Lecture 20
Today:
Analysis of algorithms.
Dynamic programming.
P and NP
For next time:
Finish Homework 10.
Reading questions below.
Prepare for a quiz.
Analysis of Algorithms
Instead of Sipser's Section 7.1, let's read Think Complexity, Chapter 3, just the first two sections.
Do Exercise 1.
Dynamic programming
Write a Python function that evaluates F, where F(0)=1, F(1)=1, and F(n) = F(n-1) + F(n-2).
Start with a naive recursive version. What is the run time of this algorithm as a function of n?
How many times does it evaluate F(0)?
Dynamic programming is a general technique for improving algorithms like this "exhibiting (1) the properties of overlapping subproblems which are only slightly smaller, and (2) optimal substructure [Wikipedia]"
Here's a way to sneak up on dynamic programming:
1) Write a recursive version of your function using a global list or dictiory to store previously-computed results. This technique is called "memoization".
2) Make a sequence of function calls to preload the cache. This limits the depth of the call stack.

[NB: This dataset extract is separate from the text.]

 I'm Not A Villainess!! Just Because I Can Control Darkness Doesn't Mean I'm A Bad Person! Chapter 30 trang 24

3) Consider optimizing the data structure you use to store the cached results.
Reading questions
Sipser, pages 270-283.
1) Why is NP-completeness a useful concept?

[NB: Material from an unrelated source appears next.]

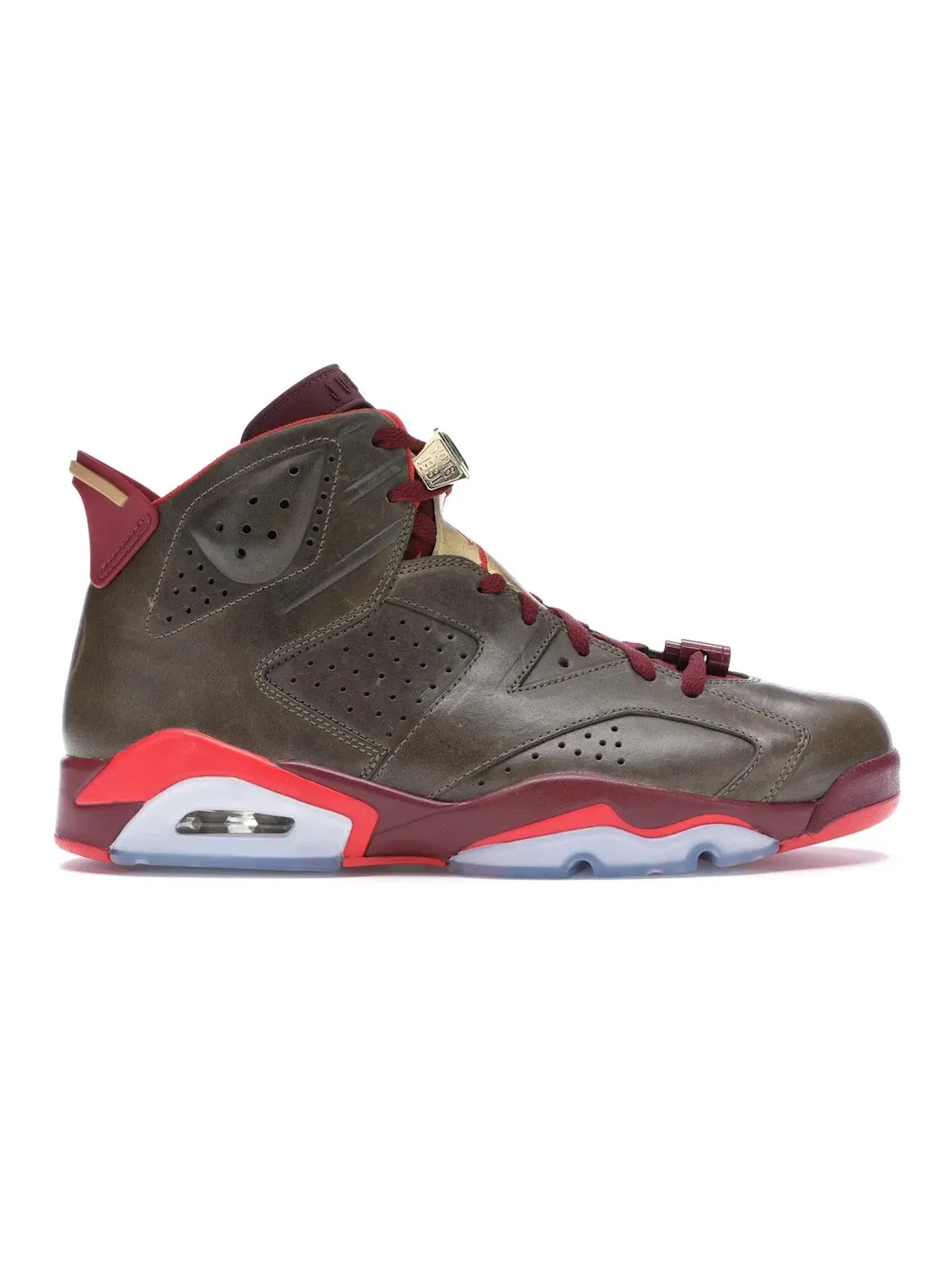 Мужские кроссовки с премиальной кожей Jordan 6 Retro Jordan — изображение 1 из 4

2) If A is poly-time reducible to B, does that mean that if we can solve A in poly-time, then we can solve B in poly-time?
3) If 3SAT is poly-time reducible to CLIQUE, what does the function f(w) take as a parameter and what does it produce?

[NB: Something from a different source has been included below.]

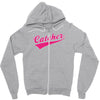 gay pride catcher funny Zipper Hoodie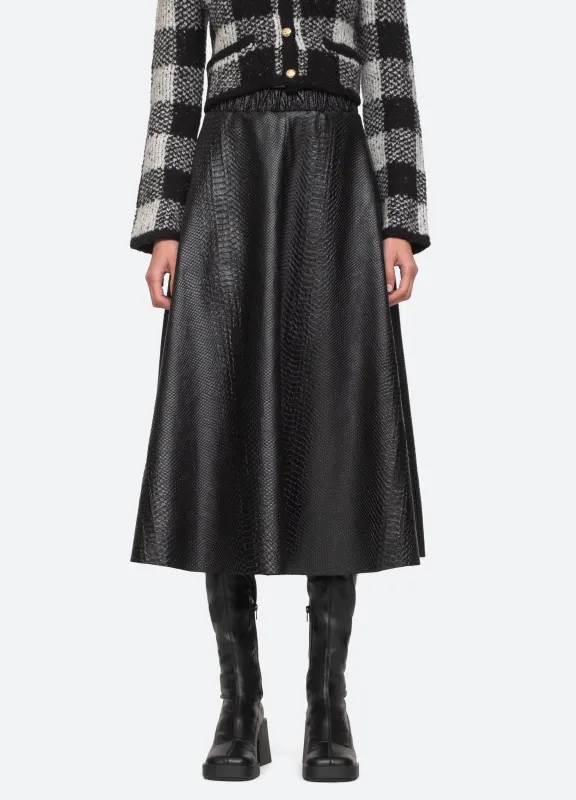 Vilma Skirt made by Sea New York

4) What are the two requirements for NP-completeness?
5) What's the hard way to prove that a problem is NP-complete? What's the easy (ok, easier :) way?
6) What do the rows of a tableau represent? What is an "accepting" tableau? What does it mean if there is an accepting tableau for machine N and input w?
7) If any NP machine can be reduced to SAT, what does the function f take as a parameter and what does it return?
8) What are the requirements of a legal tableau?
9) How does the generated formula (phi) check that the tableau is accepting?
10) Do exercise 7.5 on page 294, "Is the following formula satisfiable?"
11) Do exercise 7.6 on page 294, "Show that P is closed..."
12) Do problem 7.15 on page 295, "Show that NP is closed..." [Feel free to read the answer, but think about it first!]